I do believe that the children are taken care of there. It is not ideal, but much better than other orphanages that I have read about. I am thankful that Anna was cared for until we arrived. But nothing can replace a family. No matter how good or how well equipped, how well staffed an orphanage can be, nothing is better than a family.
Rodney, Anna and myself got into the van while the driver and Connie got some directions to our next destination. I began to cry inside and have cried many times since. I pray God sends a burden to people for these children. I would have brought them all home if I could. As we drove away, we told Anna to say "Goodbye", and that she would never have to come back again.

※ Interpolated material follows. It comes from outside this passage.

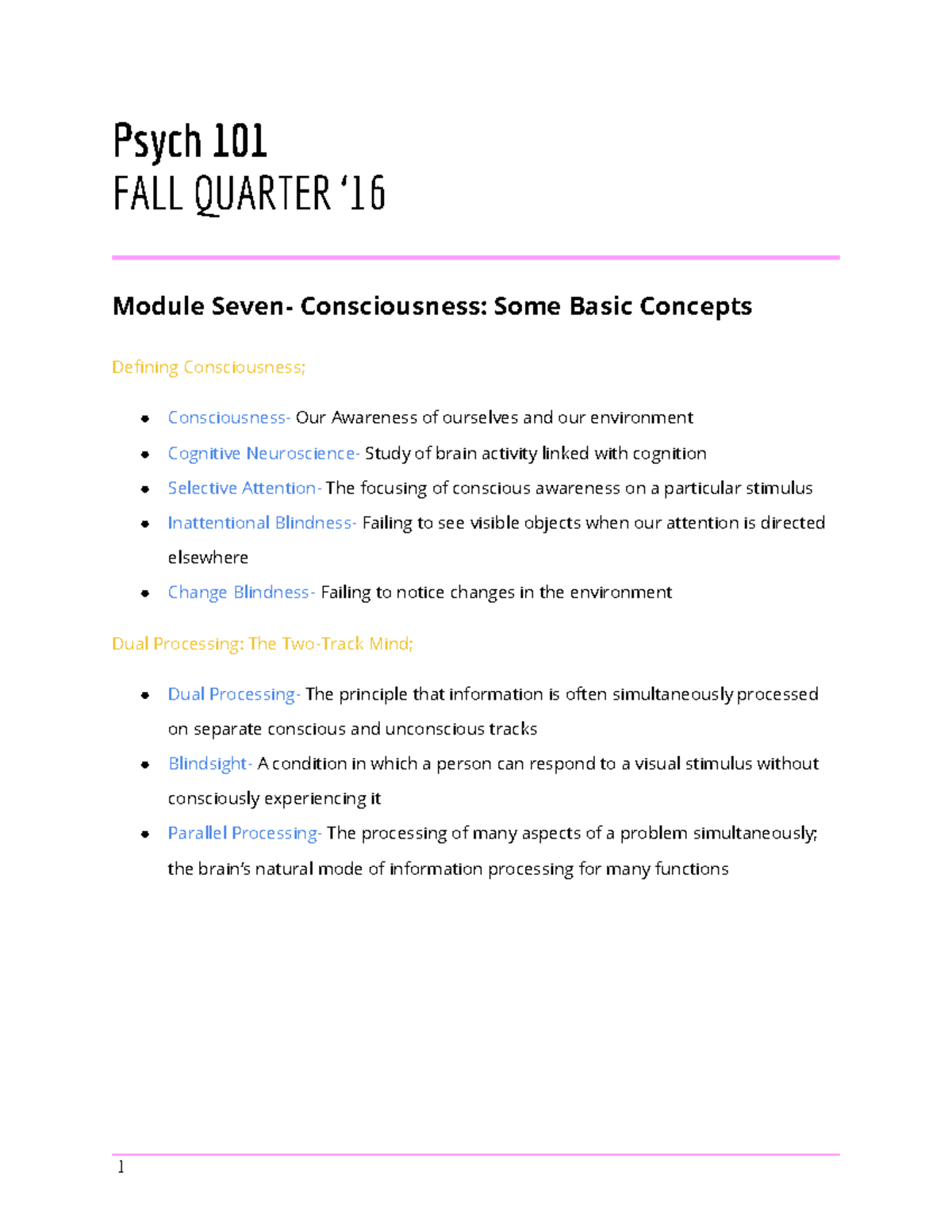 M7 - Lecture Notes 7 - 1 Psych 101 FALL QUARTER ‘ Module Seven ...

We were headed to the Yuban Hospital Clinic. The abandonment spot where Anna was found. It took about 20 minutes to get there. We got out of the vehicle and it was sooo crowded outside the hospital. We walked through the gates and up to the front entrance.
Once inside, we turned to the right and down a small hallway. The hall was filled, on both sides of people holding children receiving IV treatment of some type. They were all watching us, wondering, I'm sure. We were taken right outside of the injection room, which is where her papers state that she was found. There were so many people there, I can see how someone could slip in and out without being noticed.

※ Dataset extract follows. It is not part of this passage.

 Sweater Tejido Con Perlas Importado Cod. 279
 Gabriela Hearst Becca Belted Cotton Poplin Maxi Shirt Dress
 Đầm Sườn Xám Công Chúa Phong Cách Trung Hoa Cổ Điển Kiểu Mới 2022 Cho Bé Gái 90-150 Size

I had such mixed emotions there. I was so happy to see how crowded it was there. I wanted Anna to see and know when she is older that her birth mother took her to a place where she knew someone would find her. She couldn't have been there long at all before her cries would have been noticed. Plus, she took her to a hospital where she could recieve medical treatment. I am sure that having a cleft baby would be frightening, especially if you were young or it was your first child. But, then I was extremely sad as well. This was the hallway that her birthmother walked. The pain and emotion that she had to be feeling to walk her newborn baby, with a birth note pinned to her clothing, knowing what she felt she had to do, down a hallway, laying down her baby, and turning to walk away. I cannot imagine.

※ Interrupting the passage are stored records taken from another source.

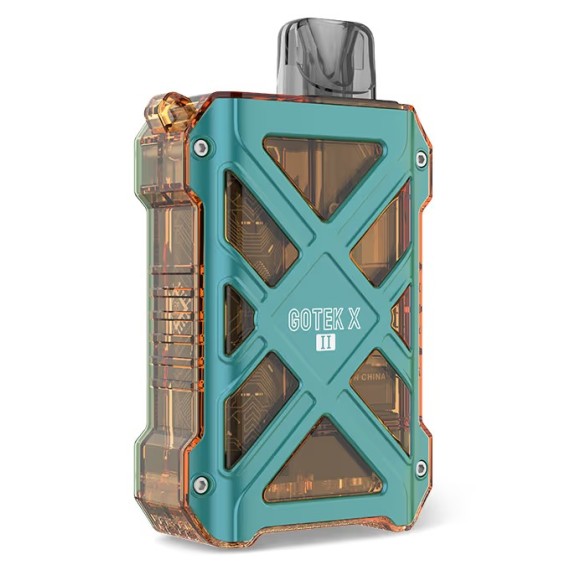 Aspire Gotek X II Pod Mod turkuaz, şeffaf gövdeli kompakt elektronik sigara.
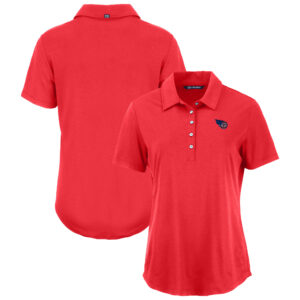 Women's Cutter & Buck Red Tennessee Titans Stars and Stripes Coastline Epic Comfort Eco Recycled Polo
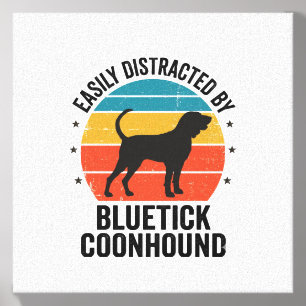 Bluetick Coonhound Vintage Dog Lover Shirt Design_ Canvas Photo Tile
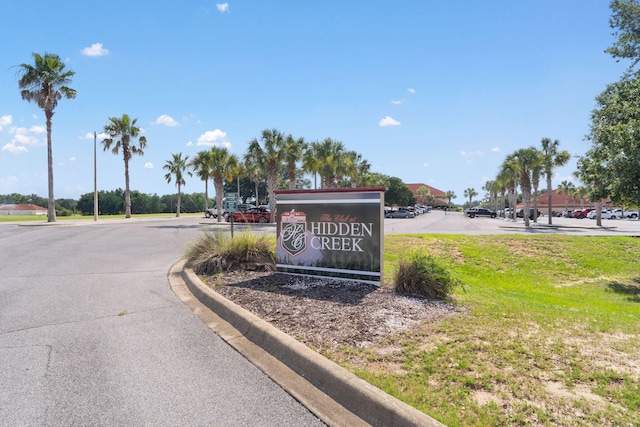 view of community sign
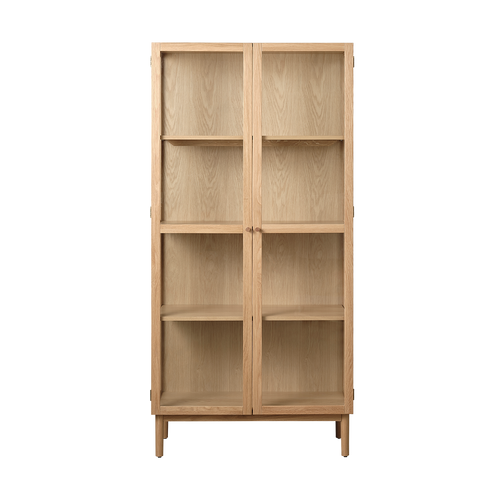 Olivine Boris Eikenhouten Vitrinekast met Glas - B 90 - Naturel - vtwonen shop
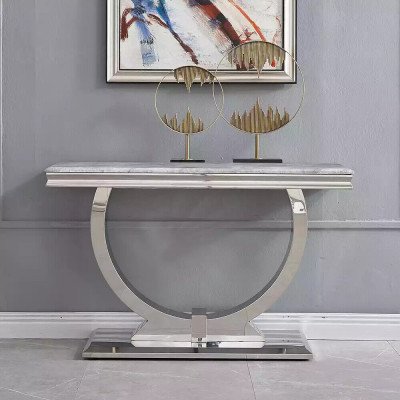 Silver sideboard console table luxury table silver chrome 120x40cm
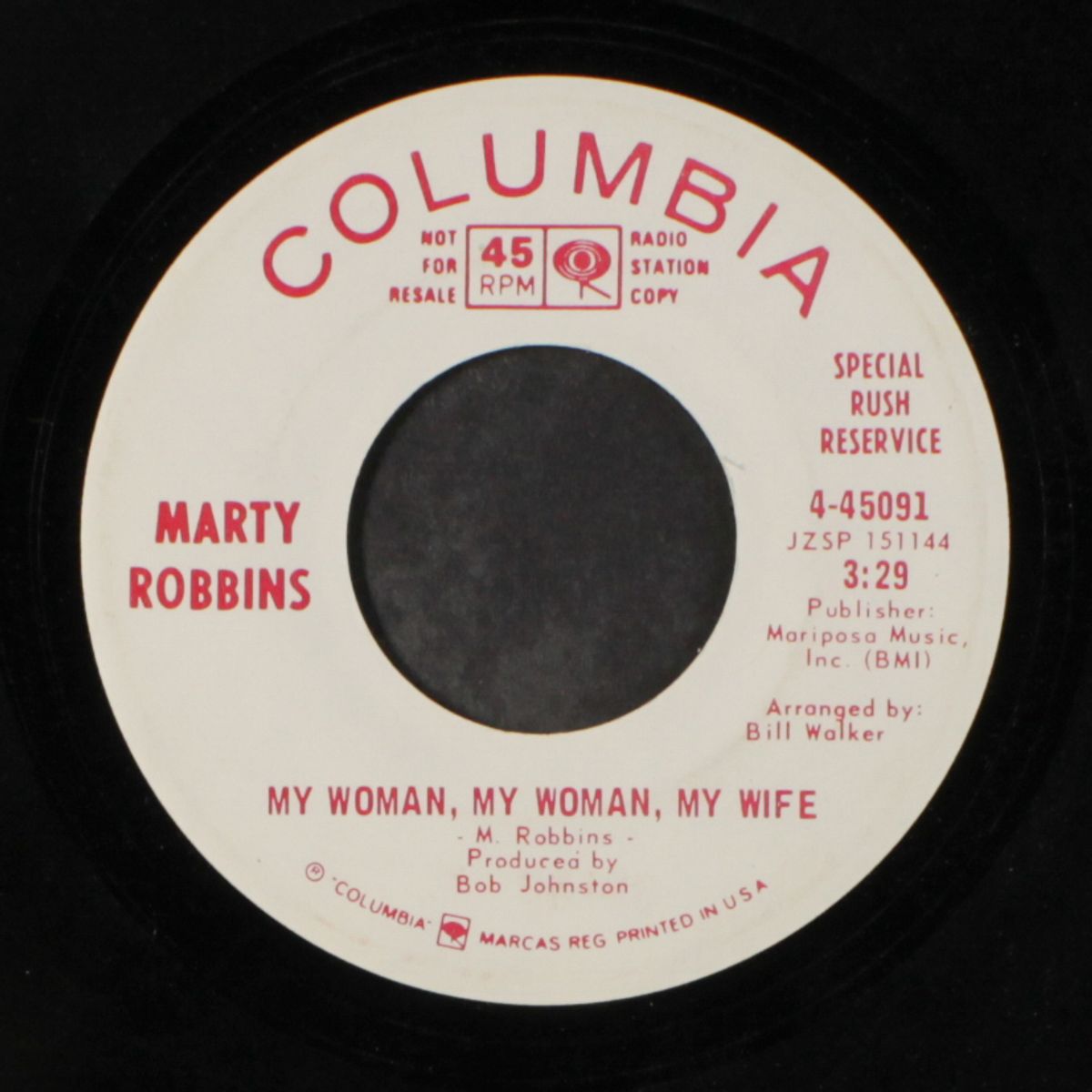 my woman, my woman, my wife by MARTY ROBBINS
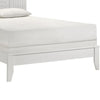 Deny Full Size Bed w Grid Pattern Headboard | Tapered Front Legs | White BM338501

I think that many people get a feeling of hostility towards the Chinese people regarding the many children abandoned. But once you are here, holding one of these children, your not hostile at all. You are thankful that they gave their child a chance. There were other options Anna's birthmother could have taken that no one would have ever known of her existance. But, she didn't. And because of her, we have a beautiful daughter and I will forever be grateful to her memory.
We left the hospital and Connie told me that Foshan was very famous for it's porceline artists. She is going to take me to a porceline house later on to purchase something for Anna that was done in Foshan. We arrived back at the hotel and put Anna down for a nap. She is such a precious gift and we are so thankful for being able to be a part of her life and for her to be such a big part of ours.
Boys,
You would have loved all the things that we seen today. Huge buildings and bridges, cars and trucks everywhere on this huge highway and then a man on a bicycle riding right along side cars. It was funny to see. There was also this tiny truck that we were coming upon and I pointed it out to daddy. When we passed and looked back at it, it was a motor tricycle with a small truck on it. It was really funny too. We may be coming home with a stuffed peacock if it doesn't hush! We also seen that there is an emu inside that cage too. We could see it's head sticking up over the edging. We love you all very much - 6 days and counting!!!!
So blessed by my experiences here and sending love to my Parker, Jacob and Carter.